28 January 2013
Marching for Life with the Common Service
I attended the 2013 March for Life and was glad to walk with fellow Missourians and thousands of others on the National Mall, up Constitution Avenue, past the Capitol to finish at the Supreme Court Building. Between the Capitol and the Supreme Court the LCMS folks gathered prayed the Our Father and for the end to the legalized murder of unborn children in this land. The LCMS Life Conference, held in conjunction with the March, was worth the price of admission. I hope it is held again and that thousands more LCMS people attend. One presenter exhorted us to encourage all District Presidents to be present next year and to lead a delegation from their district. Huzzah to that!

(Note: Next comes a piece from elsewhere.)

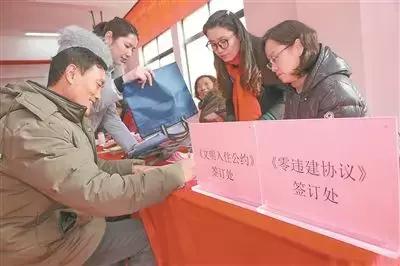 南通通州区老城区棚改计划,南通棚改最新消息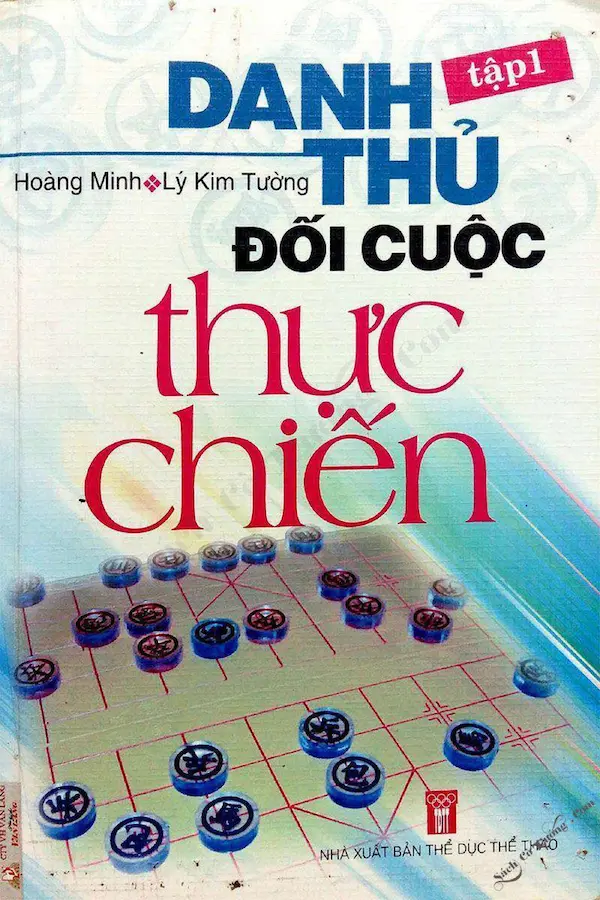 Danh thủ đối cuộc thực chiến – Tập 1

Of particular note was the Divine Service prior to the March for Life. Presided by Father Christopher Esget of Immanuel Church, Alexandria, Virginia with sermon preached by our Synodical President, the Mass was joyous and yet somber. We Missourians present were not there on a junket funded by the Synod’s bank, (Full Disclosure: I recently became a “Partner in Ministry” with LCEF, which I guess is what one becomes when they sell their home, move into a parsonage and have to park their money somewhere) but rather to speak, confess, march and pray for those who cannot speak for themselves and to mourn the 55 million children legally killed in the womb since Roe v. Wade and Doe v. Bolton in 1973. I must confess I had a sense of mourning and grief as I arrived in the Federal City. I would think any pastor having done a decent amount of time in the Holy Office can rejoice in those lives saved through his ministrations, but also mourn over those lives taken despite his every effort. All pastors need to repent of when we kept our mouths shut, when we did not open our mouths for the dumb and for those appointed to die or when our words were so convoluted that we hurt more than helped.

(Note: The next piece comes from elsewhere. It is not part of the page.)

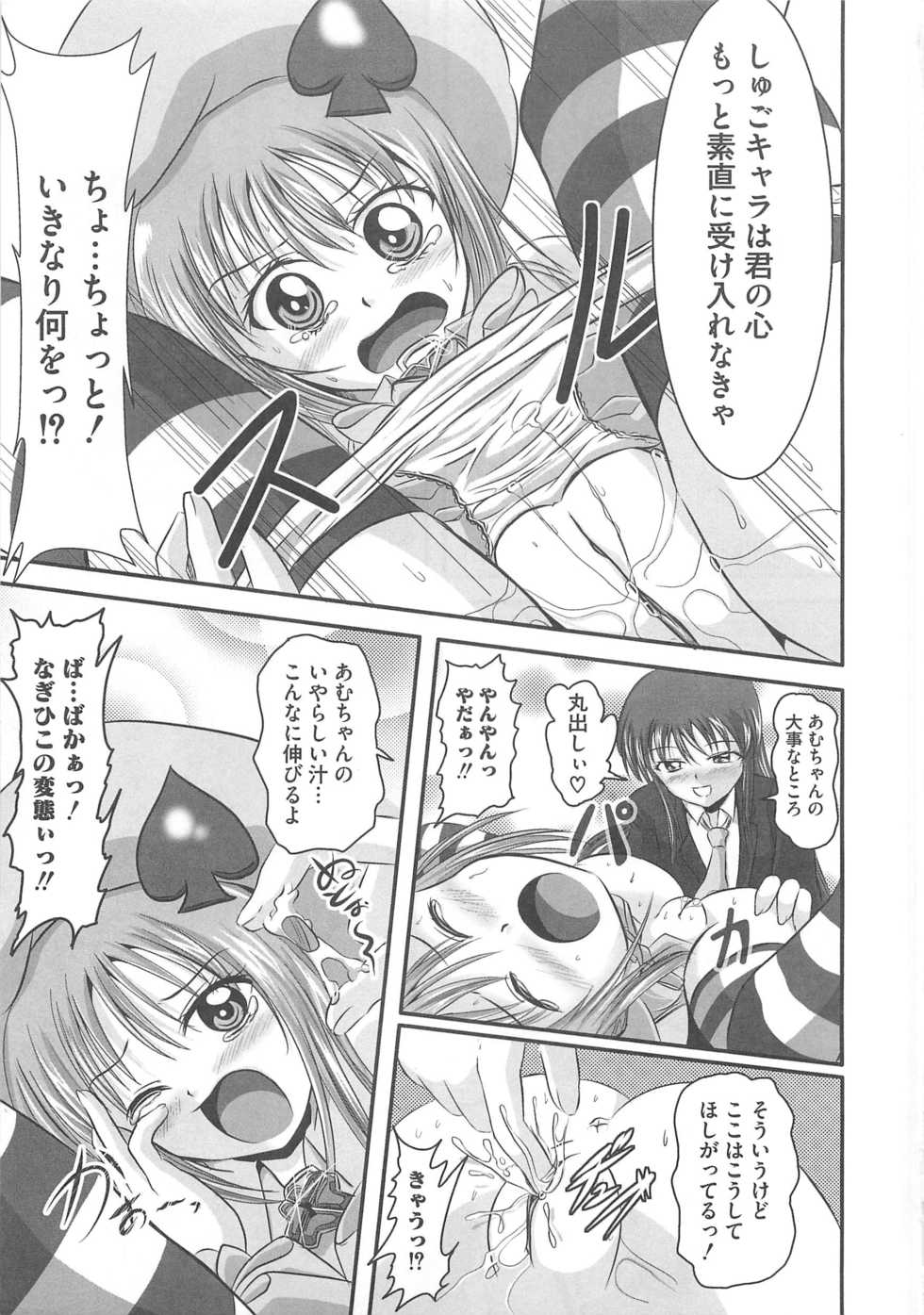 [Anthology] Shugoin Party - Page 14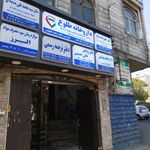 داروخانه طلوع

So the Common Service (Divine Service III LSB) was a welcome gift. Even though it was conducted in the ballroom of a hotel, one could close their eyes and consider that they were home. Such is the strength of the Common Service. Father Esget was Eucharistically vested, President Harrison was in cope, the Day of Saint Paul’s Conversion was observed, the Gospel Preached, the prayers were prayed and the Sacred Body and Precious Blood of Jesus were given for us poor sinners. I was graciously asked by Father McClean, also of Immanuel Church, to assist in consuming the Holy Body and Blood and was given food and drink of life even more. It was needed. How thankful I am for Fathers Esget, McClean and Harrison and for their ministrations to those gathered, it steeled me for the March for Life, knowing that I, a poor sinner was cleansed of my wickedness and can speak with a forgiven voice for Life – Christ.
How thankful I am for the Common Service. Arriving a day before the March, I went to the National Mall to see my Uncle’s name on the Vietnam Memorial. PFC Dennis L. Harmon, USMC, was killed in action 21 July, 1966 at Quang Tri Province, Vietnam. I have his copy of The Lutheran Hymnal in my study, given to him on the day of his confirmation just a few years before his death. He knew and prayed the Common Service, as do the children and grandchildren of his sister – Missourians, just like him. So praying the Common Service, no real frills or extras added, Lutheran hymnody, Christ preached, Christ delivered, calmed me as my mind was filled with thoughts of the unborn killed, an uncle killed so long ago and my own gross sins. The Common Service unites me to my uncle as it unites my mother, siblings, children, nieces and nephew to me in a way that is beyond our shared bloodline, but rather in a way that is of Christ, His Church and His Father. It settles my soul. If I am willing to listen, its familiar harmony brings me to the rest that has been enjoyed by so many for Sunday after Sunday and will in the future. The retention (and re-introduction where necessary) of the Common Service in 21st century Lutheranism following its near destruction in Lutheran Book of Worship/Lutheran Worship era will be a laudable and needed help toward true unity in practice within Missouri, if we all are willing to listen.